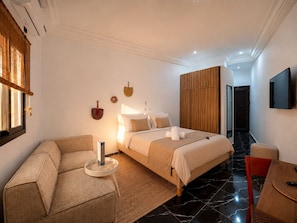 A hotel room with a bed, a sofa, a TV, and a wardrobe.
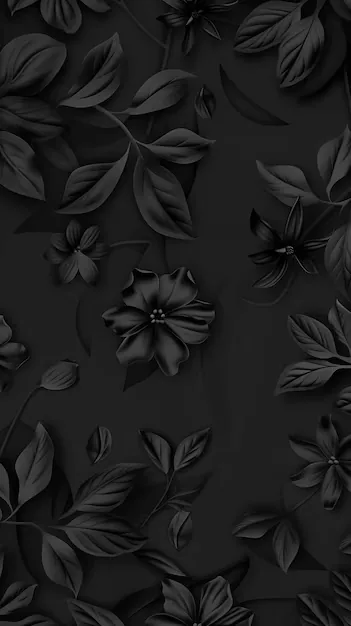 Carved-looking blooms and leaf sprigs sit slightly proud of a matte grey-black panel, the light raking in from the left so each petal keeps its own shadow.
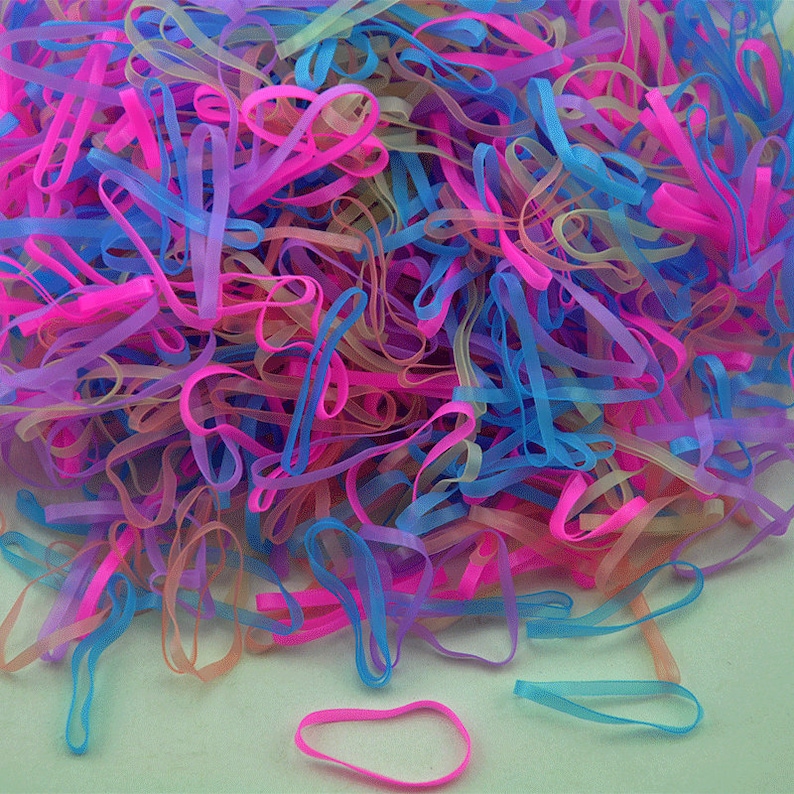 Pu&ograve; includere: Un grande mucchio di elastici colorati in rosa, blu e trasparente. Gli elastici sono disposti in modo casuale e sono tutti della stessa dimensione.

____________

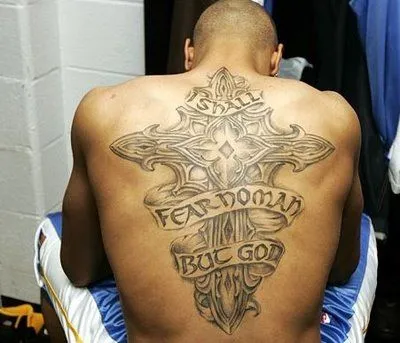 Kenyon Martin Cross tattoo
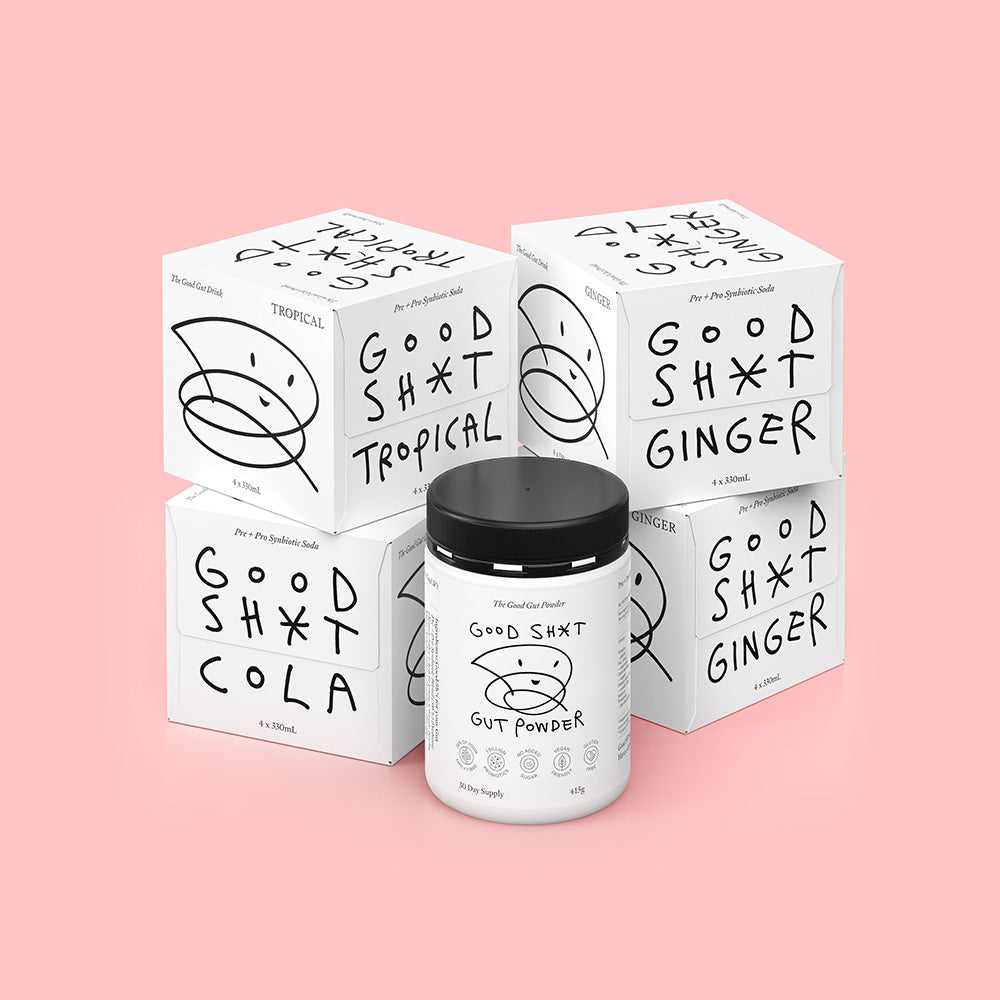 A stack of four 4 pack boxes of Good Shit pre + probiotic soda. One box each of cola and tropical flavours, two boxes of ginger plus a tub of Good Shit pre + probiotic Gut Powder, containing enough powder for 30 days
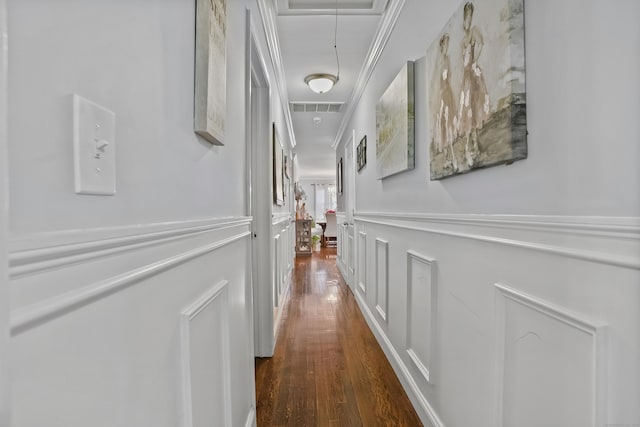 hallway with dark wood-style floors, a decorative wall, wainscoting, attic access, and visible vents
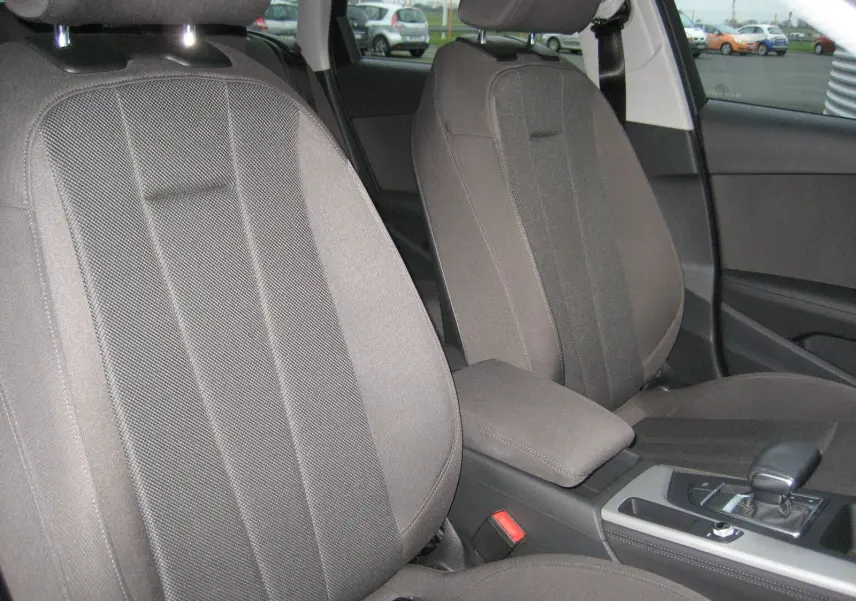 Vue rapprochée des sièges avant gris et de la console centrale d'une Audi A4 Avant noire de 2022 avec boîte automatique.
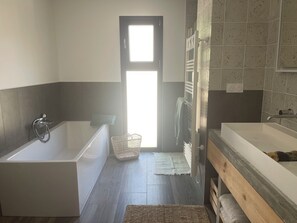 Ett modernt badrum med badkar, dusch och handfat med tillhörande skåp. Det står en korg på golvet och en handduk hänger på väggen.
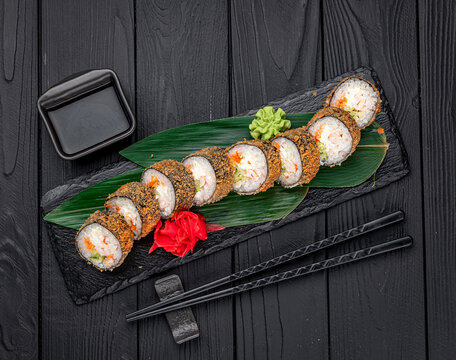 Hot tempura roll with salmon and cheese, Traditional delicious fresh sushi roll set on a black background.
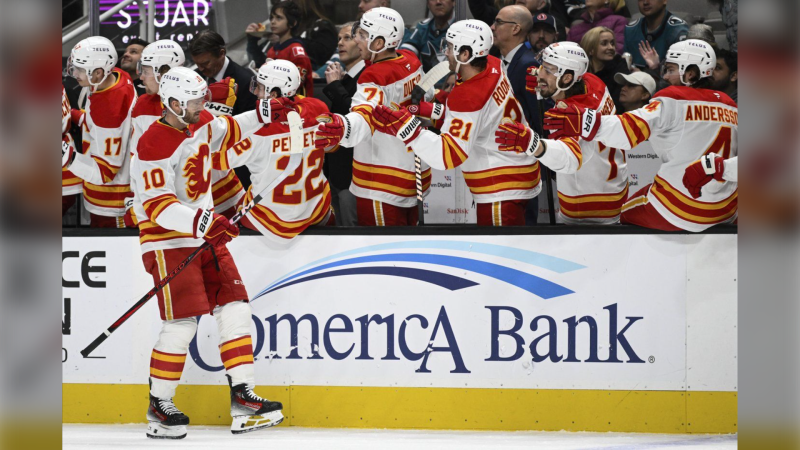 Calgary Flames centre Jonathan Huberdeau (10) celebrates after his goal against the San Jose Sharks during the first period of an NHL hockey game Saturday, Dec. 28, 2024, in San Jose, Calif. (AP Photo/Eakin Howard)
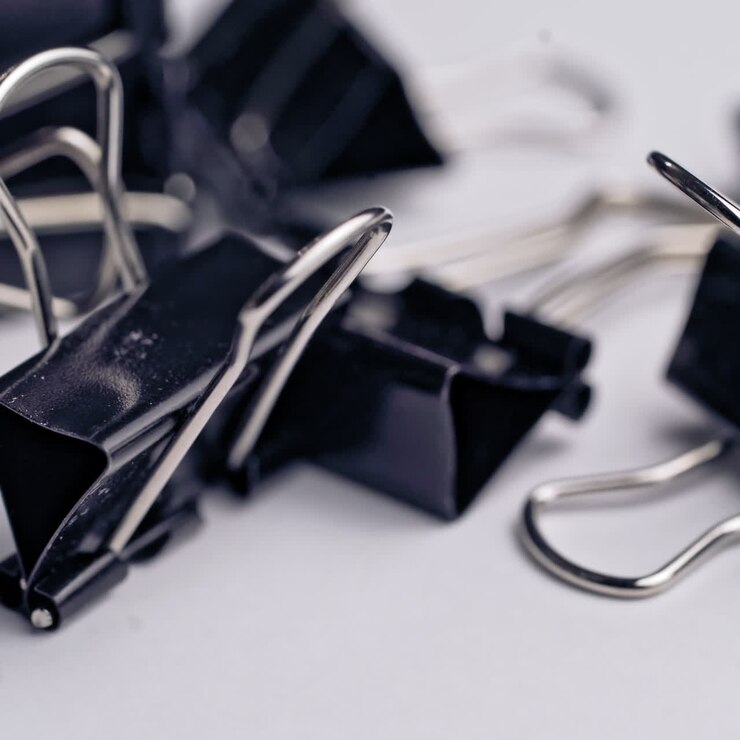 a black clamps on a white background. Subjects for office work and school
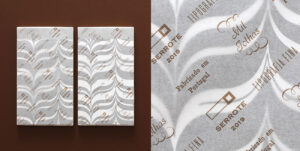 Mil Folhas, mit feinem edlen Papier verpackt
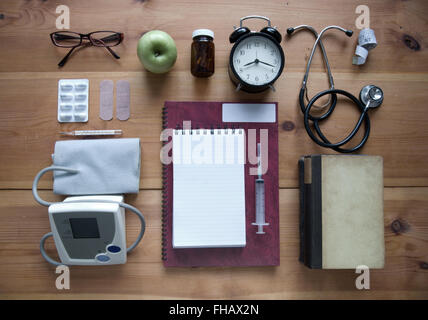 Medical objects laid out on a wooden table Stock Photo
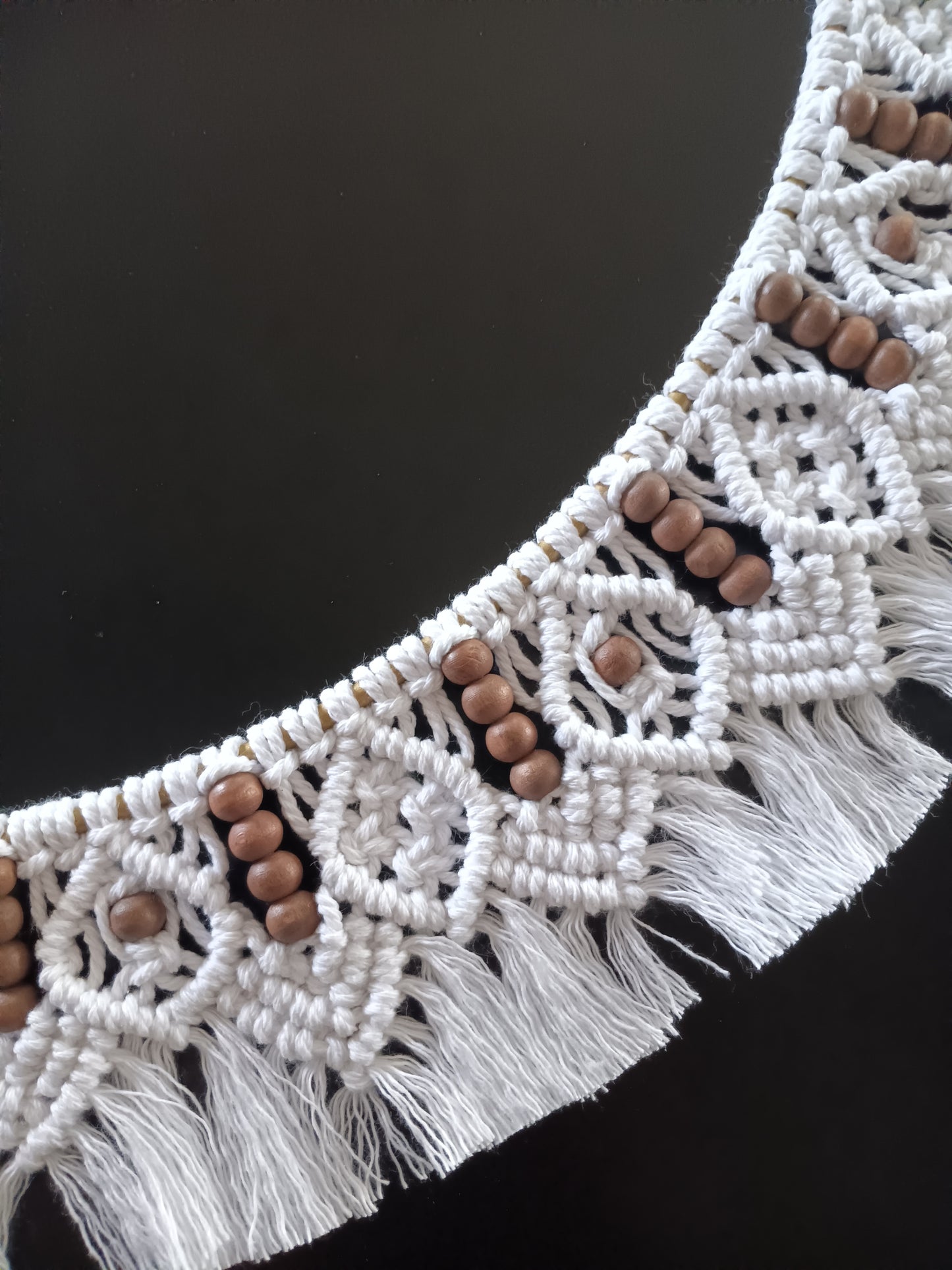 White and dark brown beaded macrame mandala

____________

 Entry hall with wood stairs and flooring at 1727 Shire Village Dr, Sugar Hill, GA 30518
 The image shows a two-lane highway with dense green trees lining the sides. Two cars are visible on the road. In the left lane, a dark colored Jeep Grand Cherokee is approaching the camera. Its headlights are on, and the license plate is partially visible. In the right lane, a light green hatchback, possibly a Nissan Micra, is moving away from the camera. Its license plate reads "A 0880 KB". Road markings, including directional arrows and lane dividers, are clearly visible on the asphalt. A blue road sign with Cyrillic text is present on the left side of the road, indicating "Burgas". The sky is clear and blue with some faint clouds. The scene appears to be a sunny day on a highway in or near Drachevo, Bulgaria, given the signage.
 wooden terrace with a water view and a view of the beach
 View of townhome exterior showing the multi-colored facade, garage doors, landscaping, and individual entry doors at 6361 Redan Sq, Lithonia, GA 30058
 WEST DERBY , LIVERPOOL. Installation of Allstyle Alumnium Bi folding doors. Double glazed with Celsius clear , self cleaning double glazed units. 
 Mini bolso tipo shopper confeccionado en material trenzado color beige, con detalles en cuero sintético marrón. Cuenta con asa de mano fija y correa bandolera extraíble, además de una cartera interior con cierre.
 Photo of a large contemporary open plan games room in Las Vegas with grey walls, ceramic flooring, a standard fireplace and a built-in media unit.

____________

_Work order_.
With the pictures omitted, print the lines above exactly, beginning at the line with "A stack of four" and going on through the line with "White and dark brown beaded macrame mandala".

_Your solution_.
 A stack of four 4 pack boxes of Good Shit pre + probiotic soda. One box each of cola and tropical flavours, two boxes of ginger plus a tub of Good Shit pre + probiotic Gut Powder, containing enough powder for 30 days
 hallway with dark wood-style floors, a decorative wall, wainscoting, attic access, and visible vents
 Vue rapprochée des sièges avant gris et de la console centrale d'une Audi A4 Avant noire de 2022 avec boîte automatique.
 Ett modernt badrum med badkar, dusch och handfat med tillhörande skåp. Det står en korg på golvet och en handduk hänger på väggen.
 Hot tempura roll with salmon and cheese, Traditional delicious fresh sushi roll set on a black background.
 Calgary Flames centre Jonathan Huberdeau (10) celebrates after his goal against the San Jose Sharks during the first period of an NHL hockey game Saturday, Dec. 28, 2024, in San Jose, Calif. (AP Photo/Eakin Howard)
 a black clamps on a white background. Subjects for office work and school
 Mil Folhas, mit feinem edlen Papier verpackt
 Medical objects laid out on a wooden table Stock Photo
 White and dark brown beaded macrame mandala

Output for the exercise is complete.